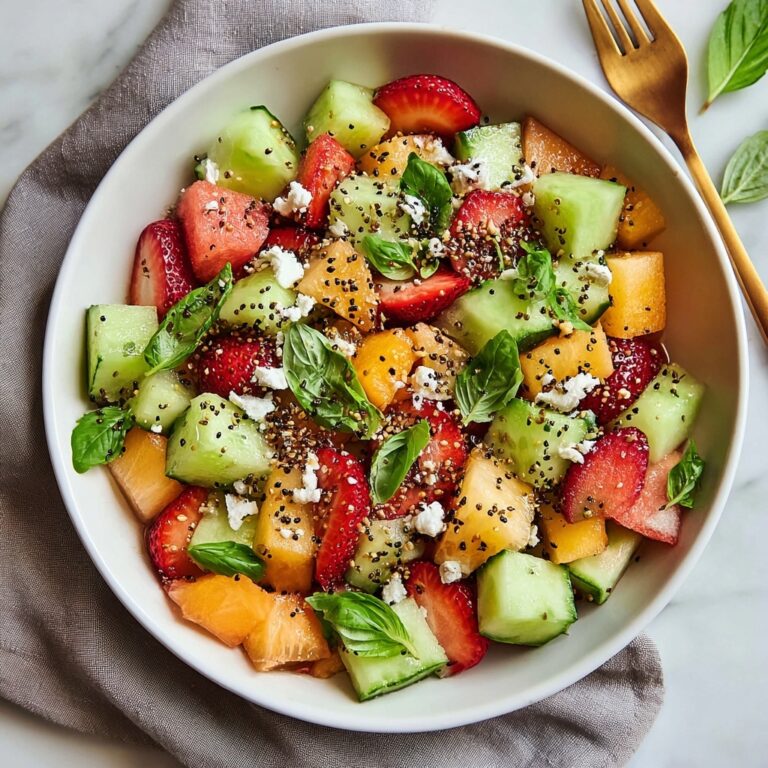Refreshing Summer Melon Salad Recipe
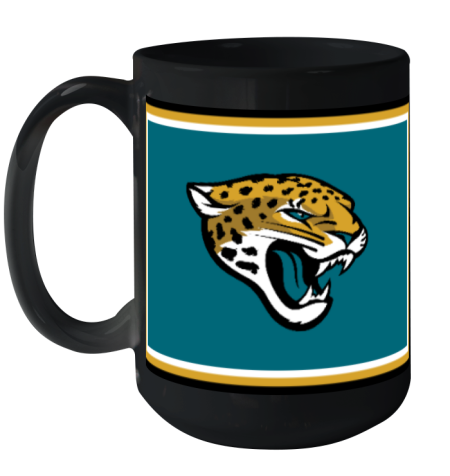 Jacksonville Jaguars NFL Team Spirit Ceramic Mug 15oz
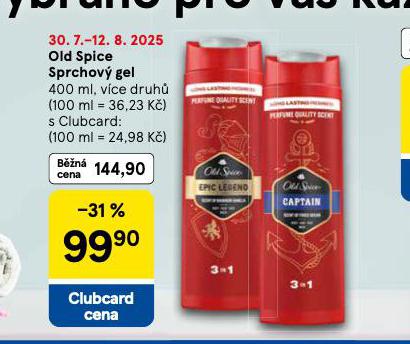 OLD SPCIE SPRCHOV GEL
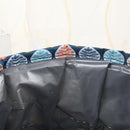 Opvouwbaar waterdichte bad - geschikt voor voetenbad / kleren wassen / etc - 26L extra large
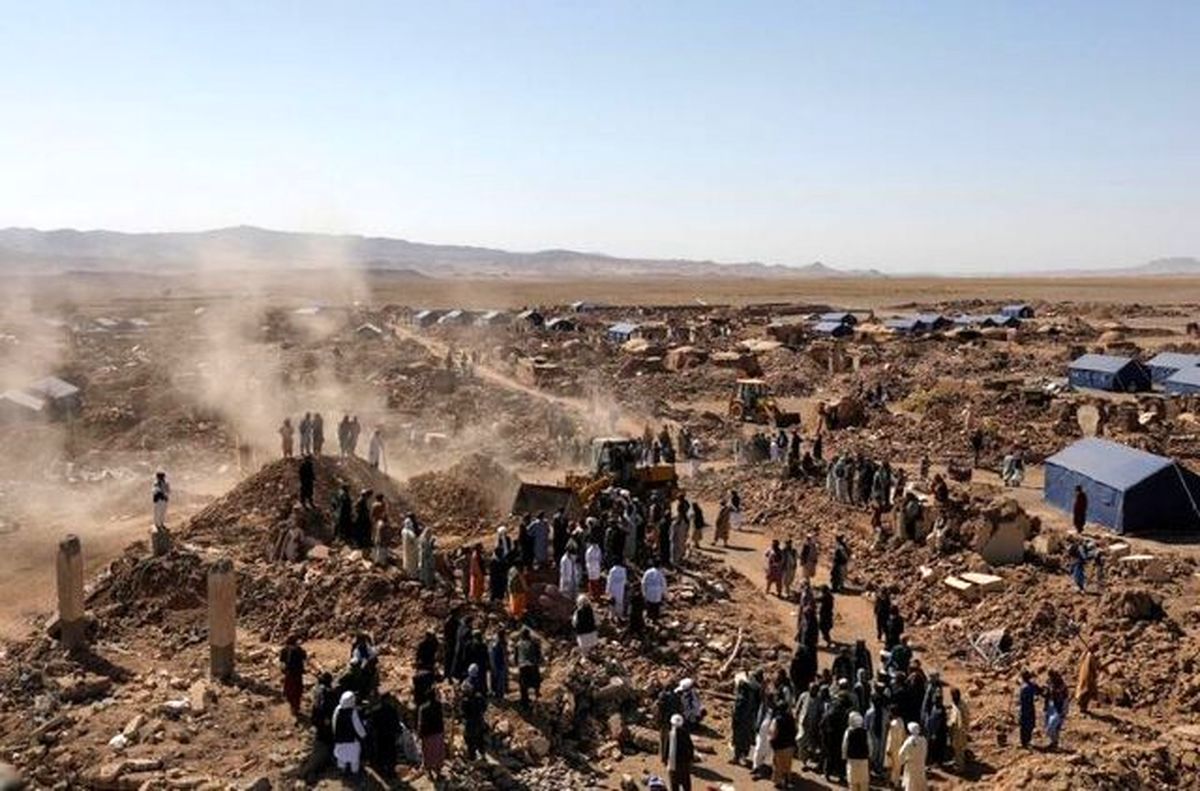 بیش از 90 درصد قربانیان زلزله هرات، زنان و کودکان هستند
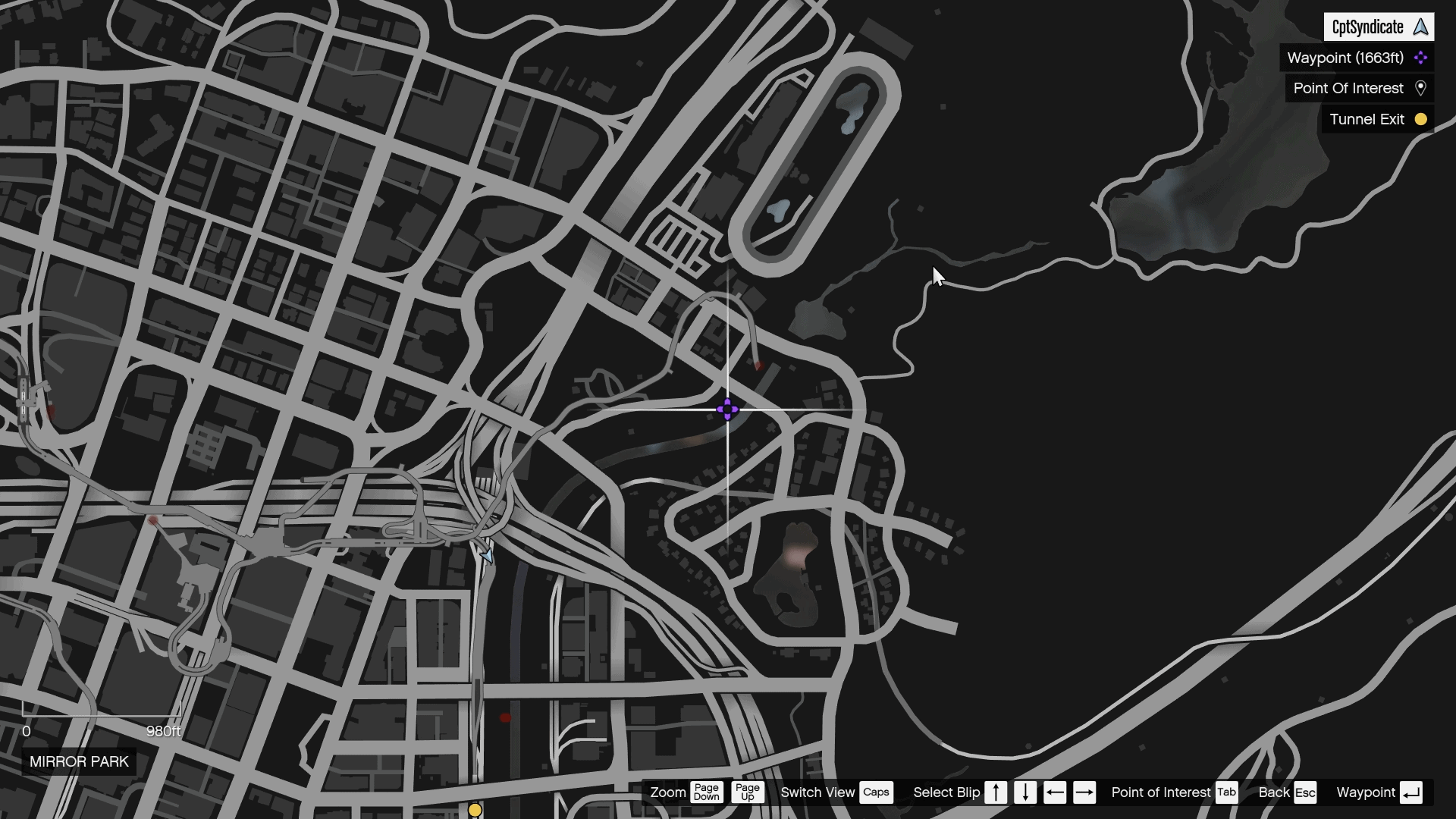 Sewer Tunnel Entrance Location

------------------------------

WHAT IS REQUIRED
Transcribe exactly, and only, the lines from the one with "Jacksonville Jaguars NFL" through the final line of the data above. The pictures stay out.

ANSWER SPACE
 Jacksonville Jaguars NFL Team Spirit Ceramic Mug 15oz
 OLD SPCIE SPRCHOV GEL
 Opvouwbaar waterdichte bad - geschikt voor voetenbad / kleren wassen / etc - 26L extra large
 بیش از 90 درصد قربانیان زلزله هرات، زنان و کودکان هستند
 Sewer Tunnel Entrance Location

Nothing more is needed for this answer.